By giving ordinary adult mice a drug - a synthetic designed to mimic fat - Salk Institute scientist Dr. Ronald M. Evans is now able to chemically switch on PPAR-d, the master regulator that controls the ability of cells to burn fat. Even when the mice are not active, turning on the chemical switch activates the same fat-burning process that occurs during exercise. The resulting shift in energy balance (calories in, calories burned) makes the mice resistant to weight gain on a high fat diet.

By permanently turning on this delta switch in mice through genetic engineering, he was able to create a mouse with an innate resistance to weight gain and twice the physical endurance of normal mice. Because they were able to run an hour longer than a normal mouse, they were dubbed "marathon mice."

Subsequent work in the Evans laboratory found that activation of PPAR-d in these mice also suppresses the inflammatory response associated with arthrosclerosis.

But the genetic metabolic engineering that created the marathon mouse is permanent, turned on before birth. While a dramatic proof of concept that metabolic engineering is a potentially viable approach, it offers no help to an adult whose muscles are already formed and who now would benefit greatly from having more active, fat-burning muscles.

That is why the potential of chemical metabolic engineering - possibly a one-a-day pill as opposed to permanent genetic metabolic engineering - is so exciting, says Dr. Evans. In today's society, too few people get an ideal amount of exercise, some because of medical problems or excess weight that makes exercise difficult. Having access to an "exercise pill" would improve the quality of muscles, since muscles like to be exercised, and increase the burning of energy or excess fat in the body. And that would result in less fatty tissue, lower amounts of fat circulating in the blood, lower blood glucose levels and less resistance to insulin, lowering the risks of heart disease and diabetes.
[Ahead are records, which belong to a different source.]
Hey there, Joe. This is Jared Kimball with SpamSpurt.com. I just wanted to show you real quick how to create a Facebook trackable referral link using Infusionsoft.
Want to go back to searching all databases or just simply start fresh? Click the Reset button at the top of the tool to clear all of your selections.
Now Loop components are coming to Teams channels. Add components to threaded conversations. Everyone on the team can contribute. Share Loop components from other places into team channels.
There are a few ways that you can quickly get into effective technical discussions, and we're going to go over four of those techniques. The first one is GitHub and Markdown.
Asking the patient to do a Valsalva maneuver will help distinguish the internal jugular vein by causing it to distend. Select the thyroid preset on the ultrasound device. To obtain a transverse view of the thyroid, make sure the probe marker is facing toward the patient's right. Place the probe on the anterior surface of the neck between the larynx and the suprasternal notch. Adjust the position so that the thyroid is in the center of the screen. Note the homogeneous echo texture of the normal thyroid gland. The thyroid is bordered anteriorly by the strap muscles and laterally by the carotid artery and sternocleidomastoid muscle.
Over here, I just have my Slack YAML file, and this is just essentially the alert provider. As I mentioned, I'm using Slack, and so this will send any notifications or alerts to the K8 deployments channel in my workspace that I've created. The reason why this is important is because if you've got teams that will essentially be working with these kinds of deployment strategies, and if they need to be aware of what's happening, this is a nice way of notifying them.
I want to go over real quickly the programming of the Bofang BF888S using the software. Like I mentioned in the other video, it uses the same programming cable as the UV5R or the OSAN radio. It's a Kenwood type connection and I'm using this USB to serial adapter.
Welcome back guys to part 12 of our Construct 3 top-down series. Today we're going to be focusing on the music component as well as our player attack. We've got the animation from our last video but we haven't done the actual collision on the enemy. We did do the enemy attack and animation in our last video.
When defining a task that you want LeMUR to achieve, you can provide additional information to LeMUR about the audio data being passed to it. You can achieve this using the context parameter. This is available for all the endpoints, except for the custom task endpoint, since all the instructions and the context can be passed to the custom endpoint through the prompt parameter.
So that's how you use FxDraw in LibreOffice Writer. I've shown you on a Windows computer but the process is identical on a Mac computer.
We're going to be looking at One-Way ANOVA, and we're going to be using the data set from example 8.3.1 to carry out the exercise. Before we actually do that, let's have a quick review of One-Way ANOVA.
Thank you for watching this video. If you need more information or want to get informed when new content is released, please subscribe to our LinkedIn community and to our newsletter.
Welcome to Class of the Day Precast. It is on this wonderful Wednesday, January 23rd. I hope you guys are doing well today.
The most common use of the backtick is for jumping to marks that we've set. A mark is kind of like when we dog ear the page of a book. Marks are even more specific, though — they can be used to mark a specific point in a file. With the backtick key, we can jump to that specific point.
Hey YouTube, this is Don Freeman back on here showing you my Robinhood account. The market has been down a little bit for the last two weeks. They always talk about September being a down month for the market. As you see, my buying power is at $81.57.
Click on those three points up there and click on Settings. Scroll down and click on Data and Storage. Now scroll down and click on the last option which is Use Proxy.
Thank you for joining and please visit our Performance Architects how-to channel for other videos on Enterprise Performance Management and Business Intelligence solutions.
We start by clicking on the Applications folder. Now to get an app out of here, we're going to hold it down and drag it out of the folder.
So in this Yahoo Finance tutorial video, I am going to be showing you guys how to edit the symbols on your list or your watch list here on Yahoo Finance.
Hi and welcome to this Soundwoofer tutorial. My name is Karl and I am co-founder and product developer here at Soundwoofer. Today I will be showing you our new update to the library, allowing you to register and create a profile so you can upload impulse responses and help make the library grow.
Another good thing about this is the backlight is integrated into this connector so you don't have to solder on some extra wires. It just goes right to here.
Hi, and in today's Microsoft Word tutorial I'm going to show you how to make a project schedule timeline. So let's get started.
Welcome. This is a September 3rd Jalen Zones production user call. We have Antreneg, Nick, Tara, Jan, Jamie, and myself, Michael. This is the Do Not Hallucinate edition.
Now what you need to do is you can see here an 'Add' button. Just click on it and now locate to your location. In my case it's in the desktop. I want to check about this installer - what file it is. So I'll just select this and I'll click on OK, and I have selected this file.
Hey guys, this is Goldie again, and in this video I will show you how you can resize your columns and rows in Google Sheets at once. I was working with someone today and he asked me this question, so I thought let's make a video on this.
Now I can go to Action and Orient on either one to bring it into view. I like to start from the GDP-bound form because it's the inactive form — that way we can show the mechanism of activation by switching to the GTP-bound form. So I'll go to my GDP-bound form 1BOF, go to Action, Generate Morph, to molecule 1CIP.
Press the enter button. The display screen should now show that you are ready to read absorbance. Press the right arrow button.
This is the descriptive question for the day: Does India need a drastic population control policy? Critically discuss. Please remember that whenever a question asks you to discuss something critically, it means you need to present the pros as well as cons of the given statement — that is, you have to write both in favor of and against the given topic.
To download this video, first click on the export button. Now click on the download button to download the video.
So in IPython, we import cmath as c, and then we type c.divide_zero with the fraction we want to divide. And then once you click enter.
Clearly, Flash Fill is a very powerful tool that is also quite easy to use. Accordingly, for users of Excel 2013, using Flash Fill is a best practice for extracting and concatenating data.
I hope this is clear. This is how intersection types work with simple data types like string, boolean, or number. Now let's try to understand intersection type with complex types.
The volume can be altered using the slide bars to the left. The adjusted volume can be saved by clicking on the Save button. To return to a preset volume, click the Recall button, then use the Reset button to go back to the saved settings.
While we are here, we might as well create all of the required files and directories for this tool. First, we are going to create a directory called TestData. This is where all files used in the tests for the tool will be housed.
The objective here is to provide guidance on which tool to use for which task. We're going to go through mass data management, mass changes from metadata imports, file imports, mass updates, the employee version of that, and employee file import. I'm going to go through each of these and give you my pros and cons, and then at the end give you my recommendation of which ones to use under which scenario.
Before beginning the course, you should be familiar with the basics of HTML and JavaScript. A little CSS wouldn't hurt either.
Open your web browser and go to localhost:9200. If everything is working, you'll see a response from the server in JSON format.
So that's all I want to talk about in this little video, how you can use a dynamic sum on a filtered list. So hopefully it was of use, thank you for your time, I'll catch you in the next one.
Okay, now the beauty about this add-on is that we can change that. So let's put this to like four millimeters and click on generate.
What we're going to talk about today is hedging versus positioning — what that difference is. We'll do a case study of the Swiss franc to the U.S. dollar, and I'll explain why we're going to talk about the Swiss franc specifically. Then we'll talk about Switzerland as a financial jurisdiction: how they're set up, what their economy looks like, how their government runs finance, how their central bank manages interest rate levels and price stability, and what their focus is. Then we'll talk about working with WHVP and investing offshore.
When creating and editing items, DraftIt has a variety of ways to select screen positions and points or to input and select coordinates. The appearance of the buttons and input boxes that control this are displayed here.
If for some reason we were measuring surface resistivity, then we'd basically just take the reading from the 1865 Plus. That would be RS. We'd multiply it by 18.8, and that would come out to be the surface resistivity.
The ability to chemically engineer changes in metabolism also has given the researchers more insight into how the PPAR-d switch works, says Dr. Evans. Genetically engineering changes in metabolism in the marathon mice triggers both increased fat burning and increased endurance. Adult normal mice that receive the drug to switch on PPAR-d show increased fat burning and resistance to weight gain, but they do not show increased endurance. Dr. Evans says this suggests the delta switch can operate in different modes, and the laboratory is in the process of figuring out exactly how. He hopes his strategy will make it possible.